Input data Start Marker

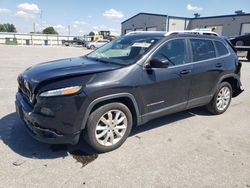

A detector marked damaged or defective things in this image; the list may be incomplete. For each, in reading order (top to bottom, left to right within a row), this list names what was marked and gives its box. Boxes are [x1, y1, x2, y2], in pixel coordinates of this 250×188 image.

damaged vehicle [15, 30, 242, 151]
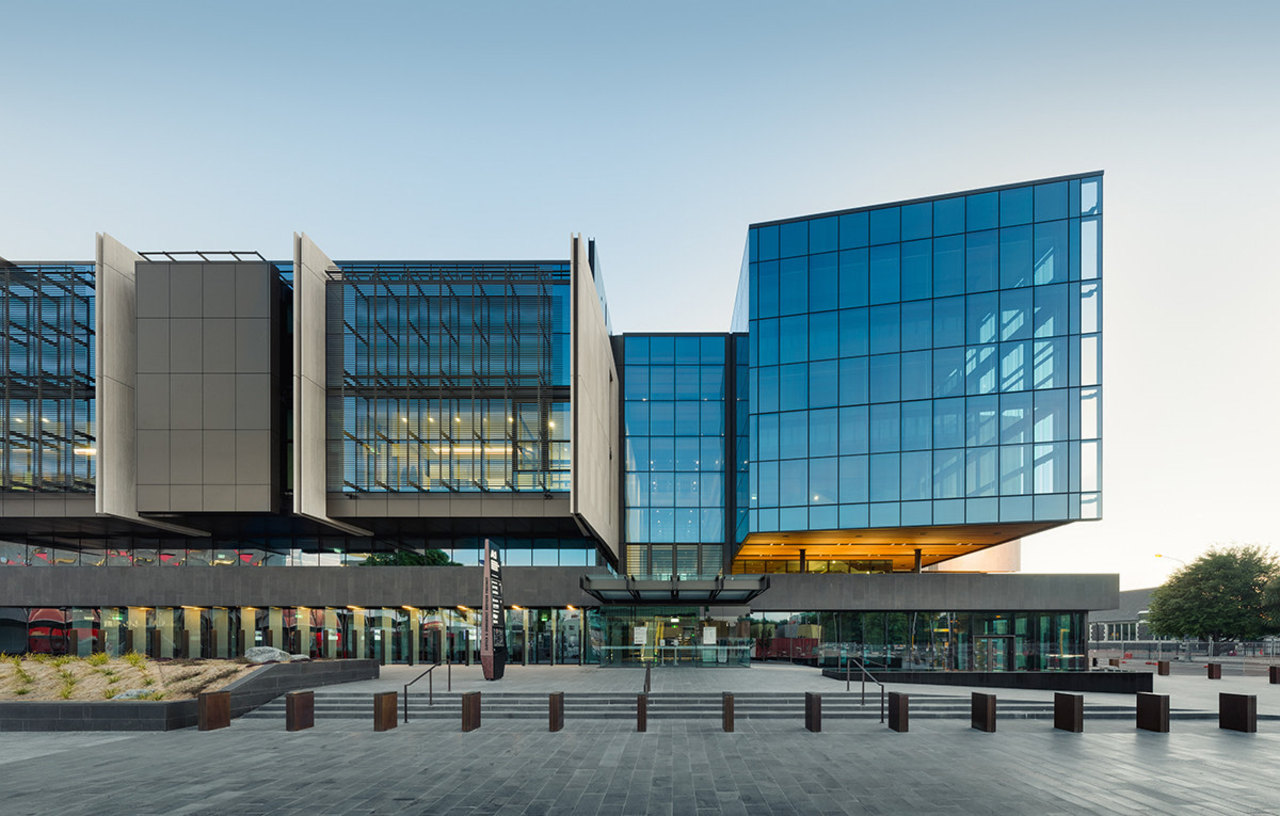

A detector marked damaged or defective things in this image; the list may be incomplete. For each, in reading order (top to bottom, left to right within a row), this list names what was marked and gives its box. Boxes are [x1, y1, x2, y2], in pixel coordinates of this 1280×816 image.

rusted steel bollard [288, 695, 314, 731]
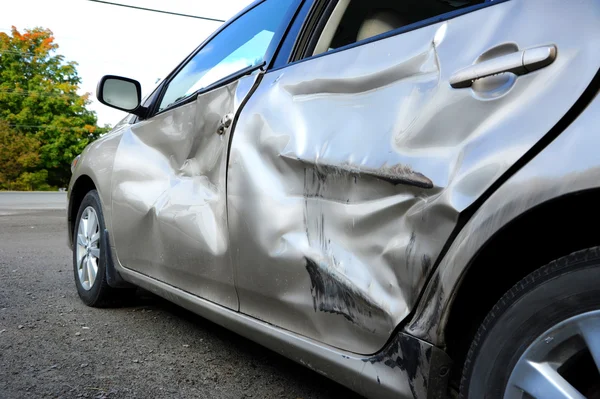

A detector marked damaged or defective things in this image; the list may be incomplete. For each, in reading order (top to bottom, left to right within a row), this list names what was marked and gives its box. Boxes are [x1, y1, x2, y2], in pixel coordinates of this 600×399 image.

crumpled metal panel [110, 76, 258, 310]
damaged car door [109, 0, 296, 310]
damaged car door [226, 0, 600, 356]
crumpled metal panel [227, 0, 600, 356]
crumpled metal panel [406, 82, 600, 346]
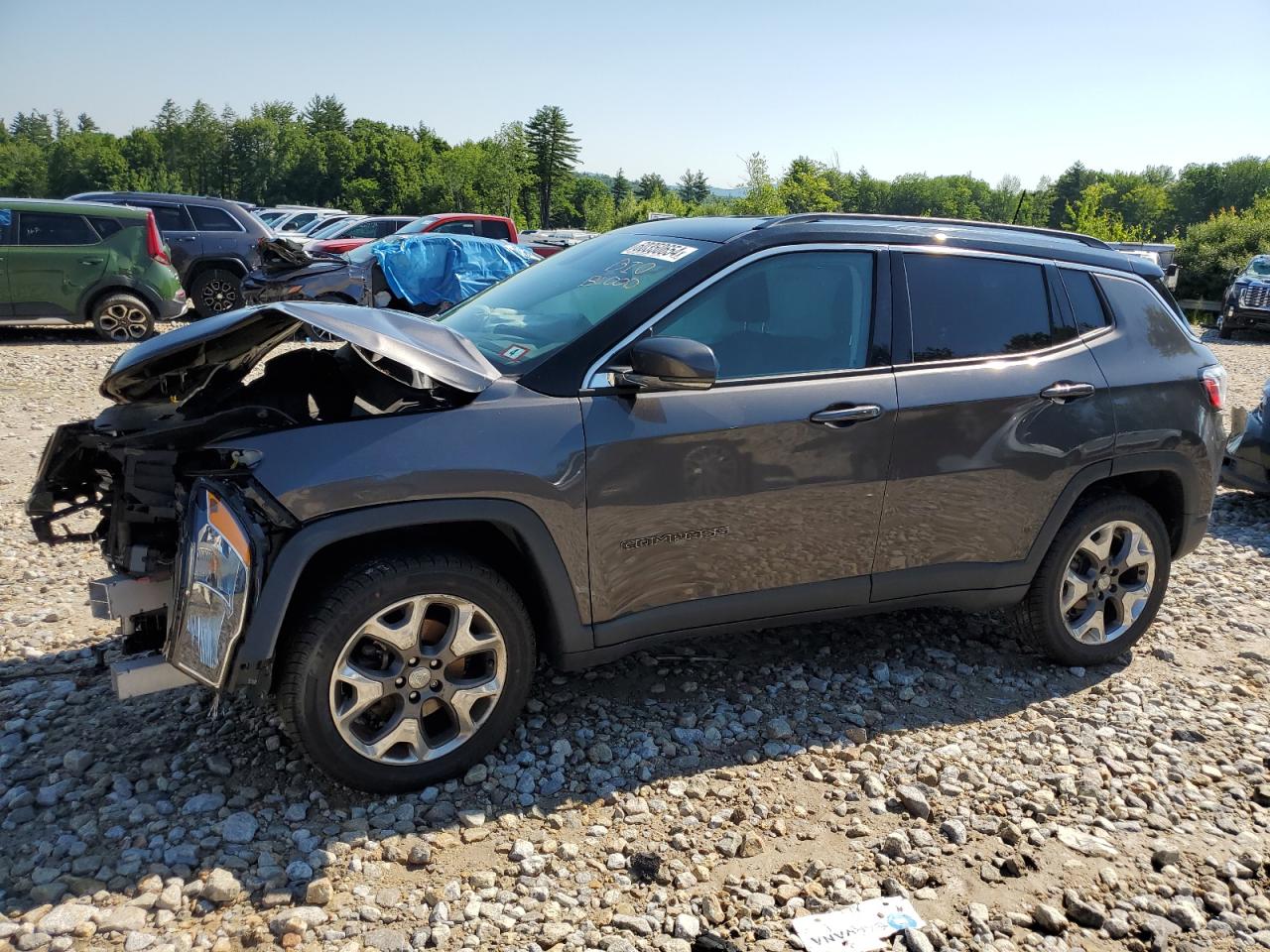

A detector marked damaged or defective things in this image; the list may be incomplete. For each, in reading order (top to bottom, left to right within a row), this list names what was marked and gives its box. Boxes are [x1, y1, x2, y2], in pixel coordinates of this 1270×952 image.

Input data End Marker

- **Your goal**
Your task is to retype the records above in full and exactly, omitting the pictures.

- **Task output**
A detector marked damaged or defective things in this image; the list may be incomplete. For each, in reading order (top to bottom, left to right within a row), this list names what was marked and gives its box. Boxes are [x1, y1, x2, y2], in pixel coordinates of this 250×188 image.

damaged vehicle [15, 30, 242, 151]

A detector marked damaged or defective things in this image; the list may be incomplete. For each, in reading order (top to bottom, left to right within a row), this list names what was marked and gives its box. Boxes are [x1, y1, x2, y2], in pixel coordinates of this 1280×816 image.

rusted steel bollard [288, 695, 314, 731]

A detector marked damaged or defective things in this image; the list may be incomplete. For each, in reading order (top to bottom, left to right within a row), this list names what was marked and gives its box. Boxes are [x1, y1, x2, y2], in pixel coordinates of this 600×399 image.

crumpled metal panel [110, 76, 258, 310]
damaged car door [109, 0, 296, 310]
damaged car door [226, 0, 600, 356]
crumpled metal panel [227, 0, 600, 356]
crumpled metal panel [406, 82, 600, 346]

A detector marked damaged or defective things in this image; the list may be incomplete. For each, in reading order (top to bottom, left to right within a row), this list names what was marked and gives its box. Boxes are [x1, y1, x2, y2], in pixel coordinates of this 1270×952 image.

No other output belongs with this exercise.